Schedule and monitor ScrapAI spiders at scale with Apache Airflow. Each spider becomes a DAG with automatic discovery, project-based organization, and optional S3 upload.
Overview
The Airflow integration provides:
- Automatic DAG generation from your spider database
- Project-based organization with filtering and access control
- Scheduled crawls with configurable intervals
- Real-time monitoring with logs and execution history
- S3 upload with gzip compression (optional)
Architecture
┌─────────────────────┐
│ Airflow Web UI │ Port 8080
│ (Browse/Trigger) │
└──────────┬──────────┘
│
┌──────────▼──────────┐
│ Airflow Scheduler │ Reads DAG files
│ (Manages Schedule) │ every few minutes
└──────────┬──────────┘
│
┌──────────▼──────────┐
│ DAG Generator │ Queries ScrapAI DB
│ (Python script) │ Generates DAGs dynamically
└──────────┬──────────┘
│
┌──────────▼──────────┐
│ ScrapAI Database │ Your spider configs
│ (PostgreSQL) │
└─────────────────────┘
│
┌──────────▼──────────┐
│ Bash Operator │ Executes:
│ (Run Task) │ ./scrapai crawl {name}
└─────────────────────┘
Quick Start
Add to your .env file:
# Airflow admin credentials
_AIRFLOW_WWW_USER_USERNAME=admin
_AIRFLOW_WWW_USER_PASSWORD=your_secure_password
# Set Airflow UID to match your user
AIRFLOW_UID=$(id -u)
# ScrapAI Database connection (PostgreSQL required)

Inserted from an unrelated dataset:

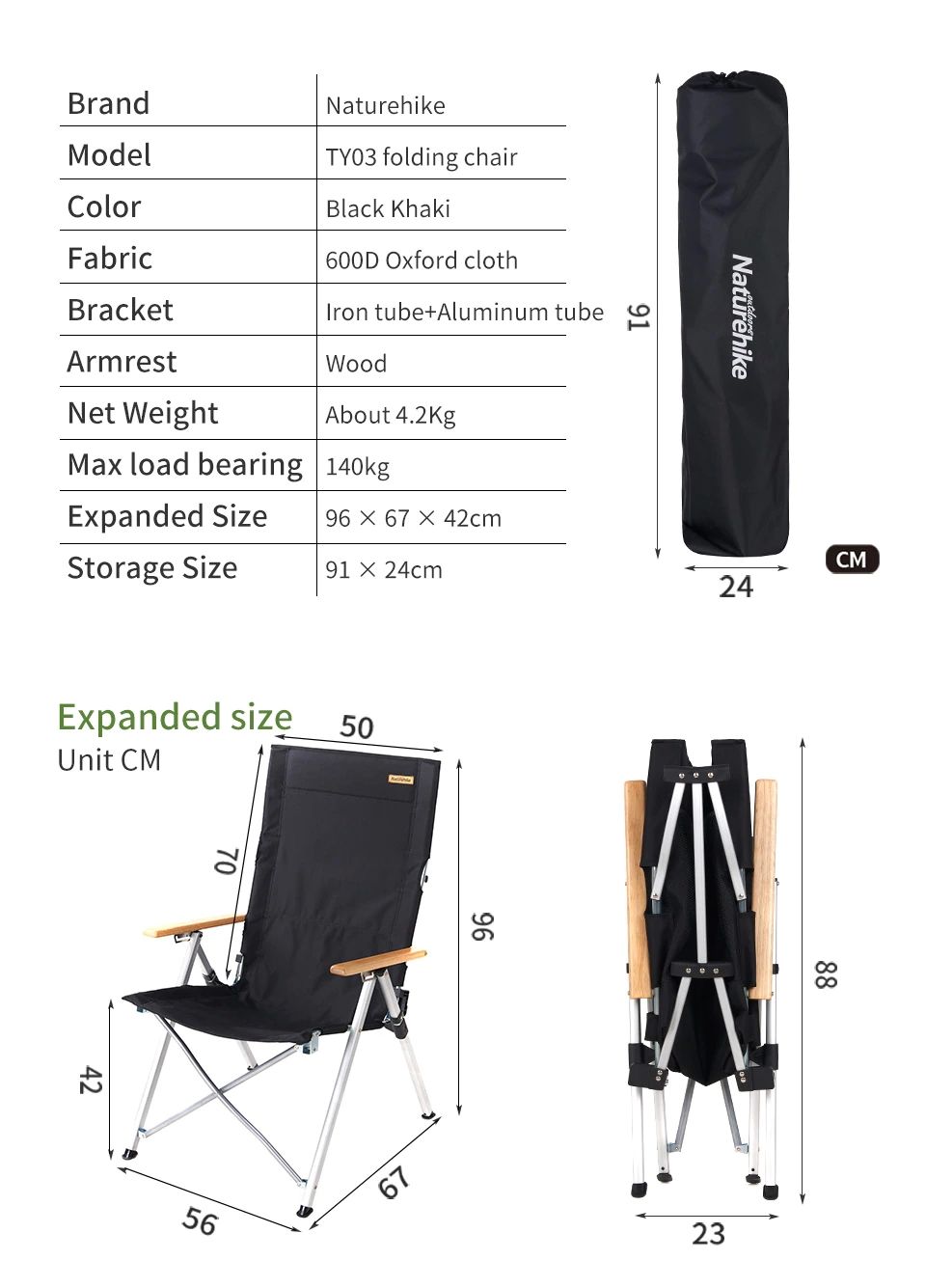 GHẾ THƯ GIÃN GẤP GỌN NATUREHIKE NH17T003-Y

# Note: Must use connection string format, not individual variables
DATABASE_URL=postgresql://user:password@host.docker.internal:5432/scrapai
2. Start Airflow
docker compose -f docker-compose.airflow.yml up -d
Wait 1-2 minutes for initialization.
3. Access Web UI
Open http://localhost:8080 and log in with your credentials.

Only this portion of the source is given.